● **Input data**:
══════════
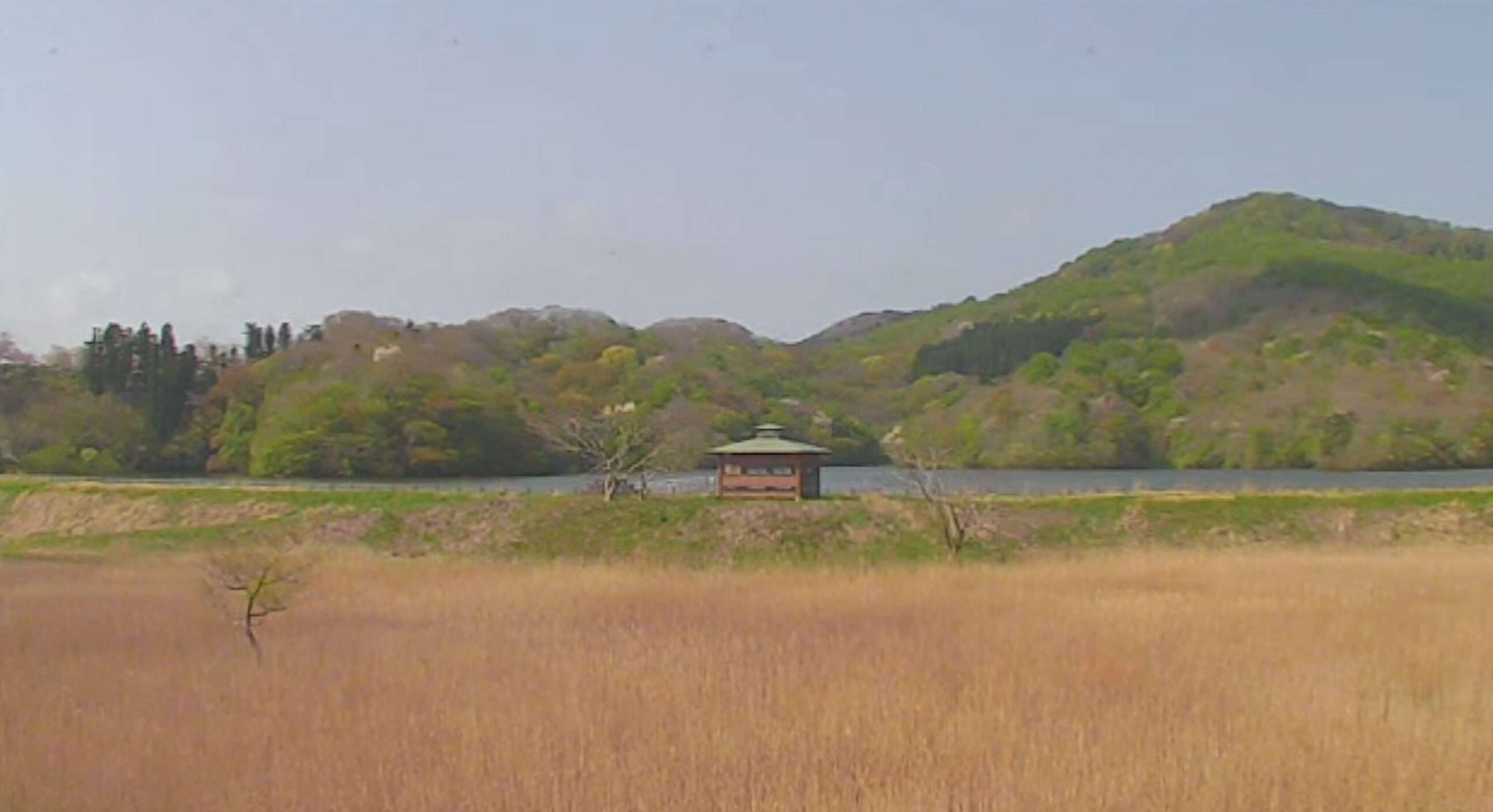 鶴岡市自然学習交流館ほとりあライブカメラ(山形県鶴岡市馬町)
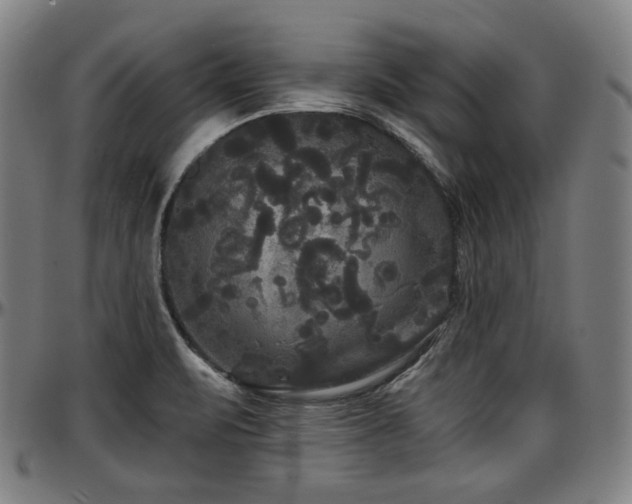 X0000097631471200802291328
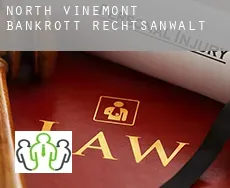 North Vinemont  bankrott rechtsanwalt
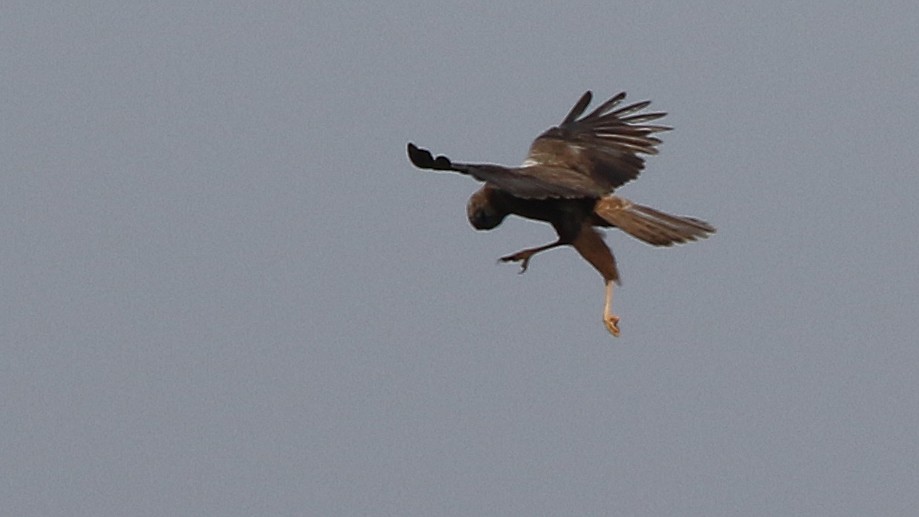 Western Marsh Harrier - Daniel Jauvin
══════════
Return the material in full, word for word, and skip the pictures.

● **Solution to this task**:
 鶴岡市自然学習交流館ほとりあライブカメラ(山形県鶴岡市馬町)
 X0000097631471200802291328
 North Vinemont  bankrott rechtsanwalt
 Western Marsh Harrier - Daniel Jauvin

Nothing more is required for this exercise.